De modo integrado ao entorno, o Teatro também funciona como importante espaço de convivência: na área externa, abriga uma quadra de futebol, mobiliários, um jardim-horta hidropônico e um parquinho, que recebe no contraturno escolar as crianças das três grandes ocupações de moradia vizinhas: Mauá, Prestes Maia e Gusmões. Já na área interna, o espaço não somente conta com apresentações teatrais e musicais, mas também abre suas portas para atividades da sociedade civil, como reuniões, rodas de conversa e atos políticos. 

Despejar o Teatro de Contêiner, em uma cidade com inúmeros terrenos ociosos, inclusive na mesma região em que o teatro se encontra, se mostra como uma estratégia política de enfraquecimento de políticas sociais e culturais e de iniciativas que provem potentes ações de arte no país, além de promoverem cuidado, diálogo e transformação social para uma população marginalizada. O Poder Público, ao invés de despejar importantes espaços de cultura, deveria assegurar e proteger a sua continuidade. 

É importante salientar que essa decisão se dá em um contexto de proliferação de casos de violação do direito à liberdade artística de artistas e grupos negros, periféricos, favelados e de territórios estigmatizados no país. Nas últimas semanas, também foram reportadas a prisão do MC Poze do Rodo, no Rio de Janeiro, por apologia ao crime e a suspensão de contas de redes sociais do projeto Pagode na Lata. 

É nesse sentido que a ARTIGO 19 Brasil e América do Sul se manifesta contra a desocupação do Teatro de Contêiner, por essa decisão representar não apenas uma ameaça iminente ao direito à liberdade artística e de expressão, mas também à atuação de defensoras e defensores de direitos humanos, artistas e ativistas que desenvolvem, há anos, um trabalho voltado à defesa dos direitos culturais, do direito à cidade, da vida, da integridade física e da saúde da população em situação de rua e em contexto de uso de drogas na região da Cracolândia. 

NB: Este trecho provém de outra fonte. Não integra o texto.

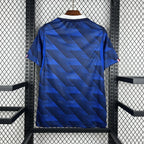 France World Cup 2026 Home Jersey Fan Version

Por isso, instamos o Governo do Estado e a gestão municipal do prefeito Ricardo Nunes a revogarem a notificação de despejo do Teatro, bem como reiteramos a necessidade de que o Secretário Municipal de Cultura e Economia Criativa de São Paulo, José Antônio Parente, se manifeste publicamente em defesa da importância cultural que este espaço representa para a cidade. 

Adicionalmente, acionamos a Comissão Interamericana de Direitos Humanos (CIDH), requerendo que a Comissão solicite explicações e informações do Estado brasileiro, em seus distintos níveis, a respeito de como será garantida a manutenção das atividades do Teatro e dos demais coletivos que necessitam deste espaço para defender direitos da população em situação de rua e vulnerabilidade no centro de São Paulo.